02/26/1996 at 01:00 AM EST
IT'S EVERY WRITER'S DREAM: a novel at the top of the heap and enough money to fill a Brink's truck. Primary Colors, the thinly veiled roman a clef based on Bill Clinton's rocky run for the White House in 1992, couldn't be hotter. The book, published last month with an advance of $200,000, is already in its 13th printing, Warner Books has paid $1.5 million for the paperback rights, director Mike (The Graduate) Nichols laid down another million to make the movie, and Doonesbury is running a spoof. So what can the author do for an encore?
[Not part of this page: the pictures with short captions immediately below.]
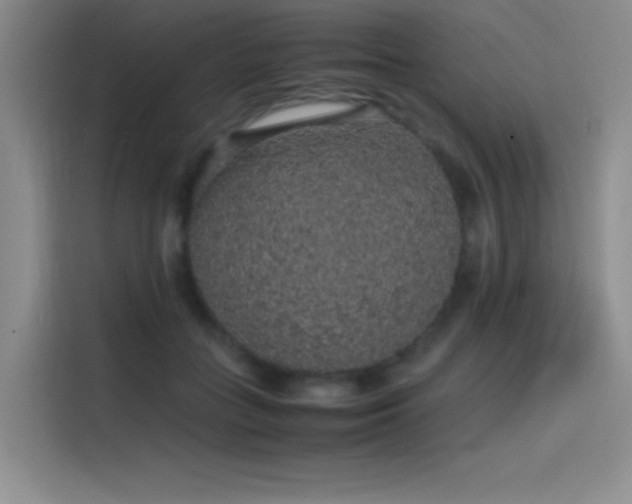 X0000116100555200911231128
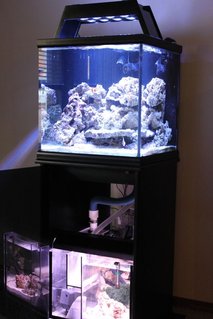 Rated #7: 35 Gallons Saltwater Fish Tank - front view Rated #7: 35 Gallons Saltwater Fish Tank - front view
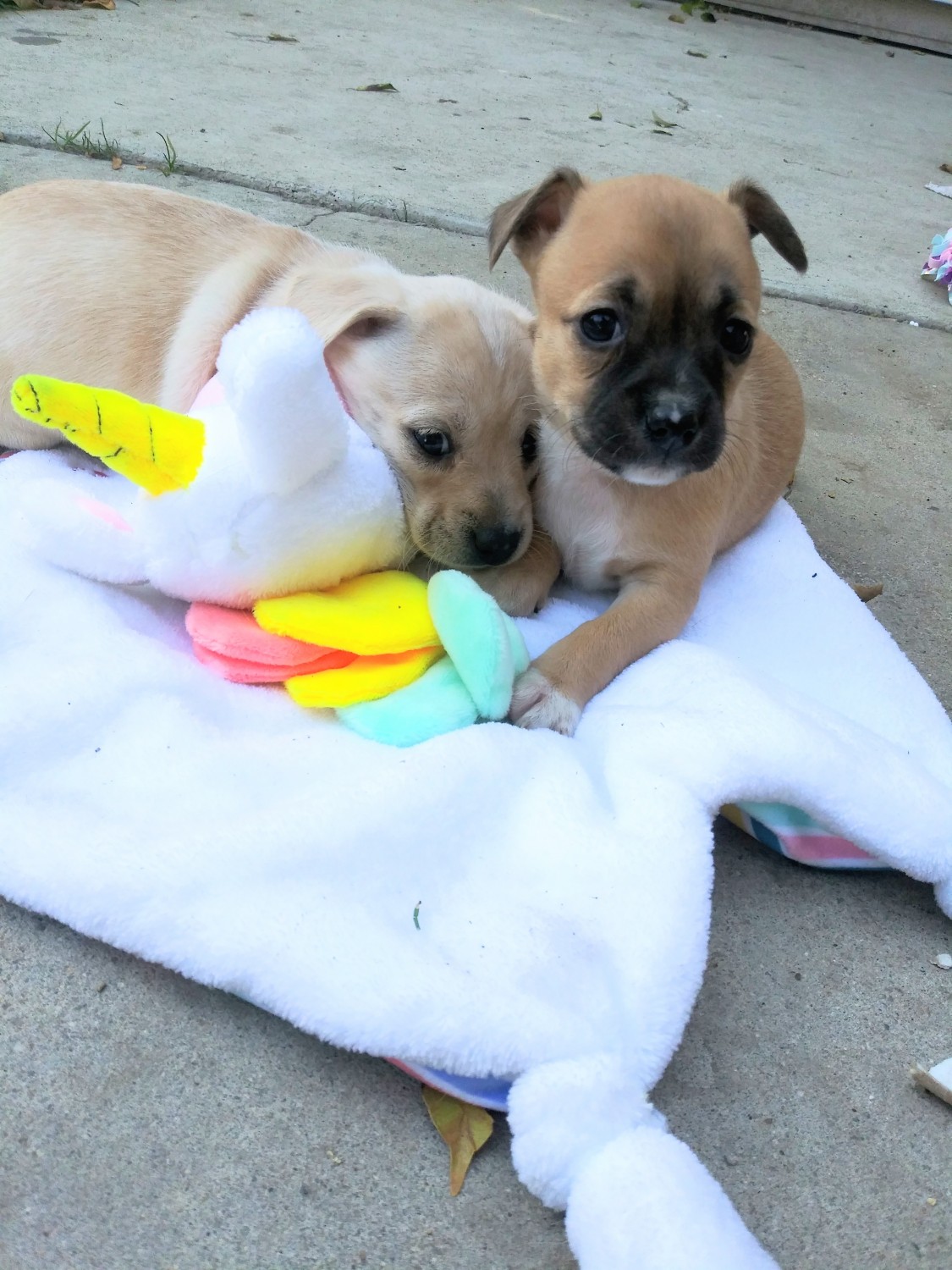 Chihuahua Puppies For Sale Pomona, CA 321834 Petzlover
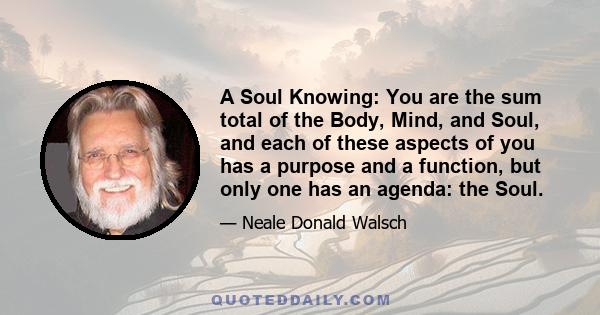 A Soul Knowing: You are the sum total of the Body, Mind, and Soul, and each of these aspects of you has a purpose and a function, but only one has an agenda: the Soul.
For starters: How about revealing his or her identity?
Political junkies and jealous journalists have tried for weeks to "out" the Washington insider who, as Anonymous, concocted this story of a southern governor and presidential wannabe who never met a rack of greasy ribs or set of shapely ankles that didn't make his belly growl. "You all find out everything in the wide world," the real Clinton told reporters two weeks ago. "The least you could do is tell all of us who wrote that book." (His guess: a former campaign press aide, Keith Boykin.) In fact so many Clintonites have been tagged as suspects that economic adviser Gene Sperling snorts, "It gets to be insulting if you're not mentioned."
This real-life whodunit was launched last April when Random House president Harold Evans met with agent Kathy Robbins, who represents such big-name writers as The New Yorker's David Remnick and The New York Times' Frank Rich. She passed him a manuscript in a plain brown envelope. "I said, 'Who's it by?' And she said, 'I can't tell you.' I should have saved the envelope for fingerprints and forensic tests." Evans swears the no-name byline is no publicity stunt. To protect Anonymous, the editing was done by typed correspondence. "It was like the Pony Express," says editor Daniel Menaker. "A comma that would ordinarily take three seconds over the phone would take three days." Their biggest tiff was over whether to jazz up a scene in which the Hillary figure throws herself at a character resembling George Stephanopoulos. ("I'd never, I realized," the narrator observes, "made love before to a woman who used hair spray.")
Though faced with the challenge of spending a passel of money without attracting attention, Anonymous is unlikely to give up the game any time soon. In an untraceable online interview with TIME, the author said, "I hope my identity is never revealed. I'm amazed by how important this has become to me."